Add ThreadSanitizer check to prevent coroutine suspending while holding a lock (potential deadlock)?

kennyyu · October 13, 2023, 1:40am

Use Case

At Meta, we heavily use C++ coroutines, and we’ve hit multiple production incidents where a service deadlocks because a coroutine suspended while holding a lock. Example scenario:

A thread in some executor is executing a coroutine, and acquires a mutex.
Before the mutex is released, the coroutine suspends (e.g. by co_await-ing another coroutine).
This can result in deadlocks where all the threads in the executor get blocked waiting on the mutex, and the suspended coroutine can never release the mutex because there are no threads in the executor to resume the coroutine.

I think it would be helpful to add a new check to ThreadSanitizer to help catch these kinds of scenarios.

Proof of Concept

To demonstrate what a check might look like, I implemented a proof-of-concept of this check using the folly coroutines library, and some local changes to ThreadSanitizer. The proof-of-concept requires these local changes:

This is an example program demonstrating the bad behavior using the folly coroutines library (coroutine suspending while holding a lock):

#include <mutex>

#include <folly/experimental/coro/BlockingWait.h>
#include <folly/experimental/coro/Task.h>
#include <folly/init/Init.h>
#include <glog/logging.h>

std::mutex m;

folly::coro::Task<void> a2() {
  LOG(INFO) << __FUNCTION__;
  co_return;
}

folly::coro::Task<void> a1() {
  LOG(INFO) << __FUNCTION__;
  std::unique_lock<std::mutex> g(m);
  co_await a2();  // Potential deadlock! TSAN crashes here!
}

int main(int argc, char** argv) {
  folly::init(&argc, &argv);
  folly::coro::blockingWait(a1());
}

This is an example of the program correctly failing as a result of this check:

FATAL: ThreadSanitizer CHECK failed: llvm-project/compiler-rt/lib/tsan/rtl/tsan_rtl.cpp:1060 "((0)) == ((thr->mset.Size()))" (0x0, 0x1)
    #0 __tsan::TsanCheckFailed(char const*, int, char const*, unsigned long long, unsigned long long) <null> (main+0x...)
    #1 __sanitizer::CheckFailed(char const*, int, char const*, unsigned long long, unsigned long long) <null> (main+0x...)
    #2 __tsan::ThreadStateCheckNoLocks(__tsan::ThreadState*) <null> (main+0x...)
    #3 folly::coro::ensureNoLocks() folly/folly/experimental/coro/Task.h:73 (main+0x...)
    #4 auto folly::coro::Task<void>::Awaiter::await_suspend<folly::coro::detail::TaskPromise<void> >(std::__n4861::coroutine_handle<folly::coro::detail::TaskPromise<void> >) fbcode/folly/experimental/coro/Task.h:805 (main+0x...)
    #5 a1() (.resume) main.cpp:21 (main+0x...)
    #6 std::__n4861::coroutine_handle<void>::resume() const libgcc/include/c++/trunk/coroutine:127 (libfolly_tracing_async_stack.so+0x4222)
    #7 folly::resumeCoroutineWithNewAsyncStackRoot(std::__n4861::coroutine_handle<void>, folly::AsyncStackFrame&) fbcode/folly/tracing/AsyncStack.cpp:179 (libfolly_tracing_async_stack.so+0x...)
    ...

Proposed ThreadSanitizer Changes

For turning the proof-of-concept into real changes, I’m thinking about the following:

We can add an optional new ThreadSanitizer check, something like coroutine-suspended-while-holding-lock (potential deadlock)
We can add new annotations that can be invoked from application code to mark when coroutines are suspended/resumed/destroyed.
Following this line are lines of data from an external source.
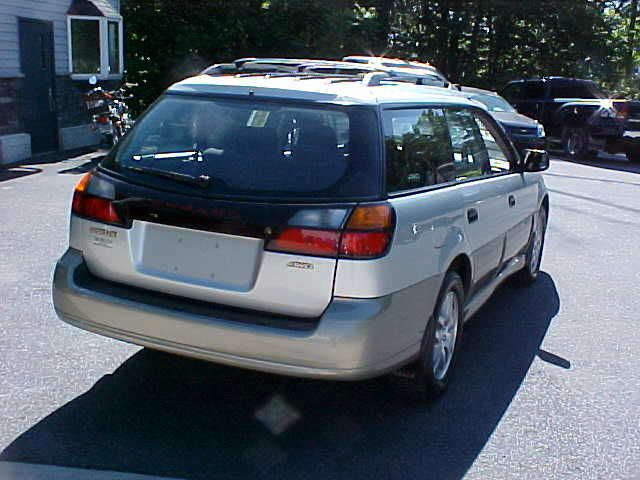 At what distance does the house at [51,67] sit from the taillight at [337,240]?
9.91m

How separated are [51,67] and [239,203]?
1175 centimetres

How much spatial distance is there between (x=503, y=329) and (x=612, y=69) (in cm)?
2618

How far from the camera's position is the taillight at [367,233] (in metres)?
3.42

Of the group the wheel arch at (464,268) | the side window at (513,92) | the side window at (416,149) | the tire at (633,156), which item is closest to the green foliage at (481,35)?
the side window at (513,92)

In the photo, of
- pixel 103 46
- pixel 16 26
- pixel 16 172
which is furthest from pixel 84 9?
pixel 16 172

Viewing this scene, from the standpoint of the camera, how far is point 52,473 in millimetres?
3277

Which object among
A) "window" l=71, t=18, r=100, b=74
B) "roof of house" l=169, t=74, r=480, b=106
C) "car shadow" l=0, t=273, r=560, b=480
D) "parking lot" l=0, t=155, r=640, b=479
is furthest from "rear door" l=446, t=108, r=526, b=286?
"window" l=71, t=18, r=100, b=74

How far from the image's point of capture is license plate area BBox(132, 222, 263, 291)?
3496 millimetres

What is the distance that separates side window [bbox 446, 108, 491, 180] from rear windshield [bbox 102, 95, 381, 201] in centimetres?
109

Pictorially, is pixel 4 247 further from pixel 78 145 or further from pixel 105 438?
pixel 78 145

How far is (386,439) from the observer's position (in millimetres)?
3785

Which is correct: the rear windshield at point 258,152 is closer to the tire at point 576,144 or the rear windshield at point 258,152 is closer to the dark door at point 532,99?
the tire at point 576,144

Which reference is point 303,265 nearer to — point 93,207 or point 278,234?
point 278,234

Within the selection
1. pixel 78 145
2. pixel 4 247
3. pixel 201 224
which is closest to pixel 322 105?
pixel 201 224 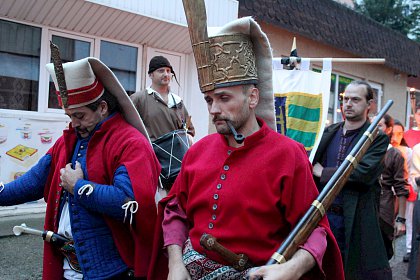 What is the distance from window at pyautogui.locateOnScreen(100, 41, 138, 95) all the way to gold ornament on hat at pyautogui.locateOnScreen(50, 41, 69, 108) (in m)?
4.82

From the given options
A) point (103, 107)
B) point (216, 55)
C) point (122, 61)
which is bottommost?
point (103, 107)

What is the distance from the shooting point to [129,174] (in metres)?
2.36

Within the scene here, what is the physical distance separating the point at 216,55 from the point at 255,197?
0.64m

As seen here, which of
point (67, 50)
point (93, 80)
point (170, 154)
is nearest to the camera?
point (93, 80)

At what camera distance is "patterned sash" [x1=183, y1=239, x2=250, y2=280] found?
1.91m

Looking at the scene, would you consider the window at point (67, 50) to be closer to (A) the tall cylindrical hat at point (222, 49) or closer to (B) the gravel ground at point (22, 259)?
(B) the gravel ground at point (22, 259)

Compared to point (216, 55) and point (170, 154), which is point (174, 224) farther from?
point (170, 154)

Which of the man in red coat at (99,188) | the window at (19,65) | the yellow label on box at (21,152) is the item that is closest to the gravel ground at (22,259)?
the yellow label on box at (21,152)

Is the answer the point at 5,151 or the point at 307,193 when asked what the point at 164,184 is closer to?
the point at 307,193

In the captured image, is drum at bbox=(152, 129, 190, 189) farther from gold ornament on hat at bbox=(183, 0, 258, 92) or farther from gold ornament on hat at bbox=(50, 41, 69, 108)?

Something like:

void AnnotateCoroResumed(char *f, int l, uptr coro);
void AnnotateCoroSuspended(char *f, int l, uptr coro);
void AnnotateCoroDestroyed(char *f, int l, uptr coro);

Applications or libraries (e.g. folly coro) can annotate their coroutine implementations with these new annotations to allow ThreadSanitizer to correctly detect these bugs.
In the ThreadSanitizer runtime: whenever a coroutine is suspended, the runtime will check that no locks are held. If there are locks held, then it will report the stack trace where the coroutine was suspended, as well as where the mutexes were acquired.
Separately, I see that there is also fiber support in ThreadSanitizer, but I’m not sure how much of that is reusable for this kind of check.

What do folks think? If folks agree this is a good idea, I can help implement this check. I have not contributed to llvm open source before, and would appreciate help and guidance on implementing this change!

ChuanqiXu · October 13, 2023, 2:42am

This motivation is pretty interesting from the users perspective! (But I don’t have experience in implementing the sanitizers too).

One concern about the design is that it looks too coarse-grained. IIUC, the error message will be reported if a coroutine with a lock held got resumed. I am wondering if it is too aggressive… But maybe this is about the design principles about TSAN. I know TSAN are much more tolerant with the false positive diagnostic messages. (Although this is the reason some people don’t enable TSAN).

And out of curiosity, there are already plenty of studies about dead lock detection in goroutine in golang. How do you think reusing/mimic their strategies? I know goroutines are stackful coroutines and C++20 coroutines are stackless coroutines. But there are similar points from the higher level of users.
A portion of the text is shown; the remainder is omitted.